Instead, use productivity data to determine which tasks are making the biggest difference to the bottom line, and which should be outsourced or automated.
Your sales analytics platform will also likely offer its own insights on how to best use the data to move your team forward.
Sales Analytics Tools to Measure Your Performance
As discussed, the options available for data analysis are nearly endless. Here are a few of our favorite, most powerful tools for collecting and synthesizing data for your team.
MaxG also has powerful analytics capabilities, particularly in its predictive analysis features. It can take historical sales data and translate it into forward-looking trend predictions. MaxG also offers an industry benchmarking feature, which is a useful tool in measuring how your team stacks up against its competitors.
Yesware’s all-in-one sales toolkit includes powerful and streamlined reporting and analytics features.
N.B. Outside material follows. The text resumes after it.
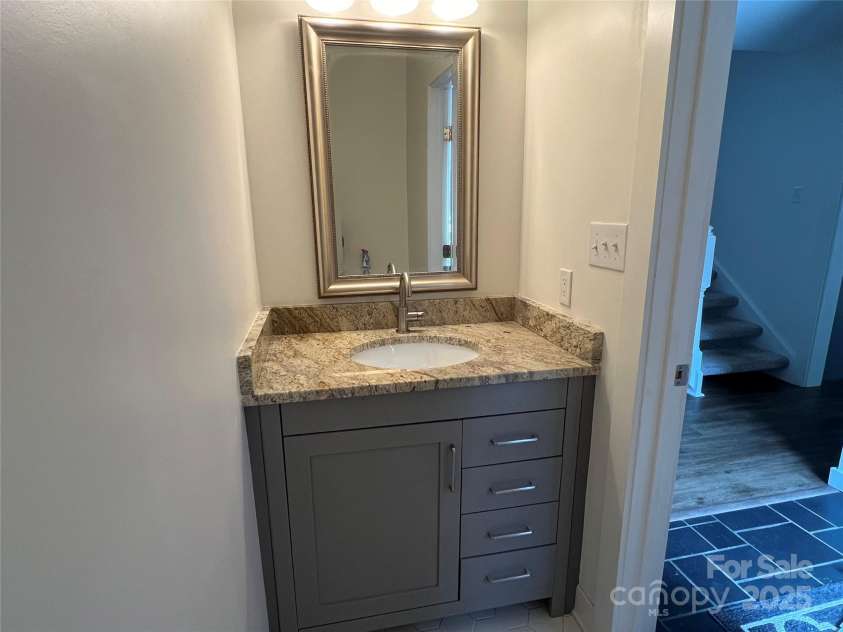 609 Crowfields Lane, Asheville, NC 28803.  MLS# CAR4278322, YatesRealty ID 2095.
It enables teams to identify winning content and repeatable processes and provides visibility into the entire sales process.
Dear Lucy is known for being extremely easy to get up and running, making it a great option for teams that are just getting started with predictive analytics. It’s not just for beginners, though — Dear Lucy is perfectly capable of handling even non-basic data sets and can grow with your team as you generate more and more data.
Zoho is known in the sales world for its beautiful, visually appealing dashboards. It’s also extremely powerful — it can collect, blend, and beautify data from a huge number of sources.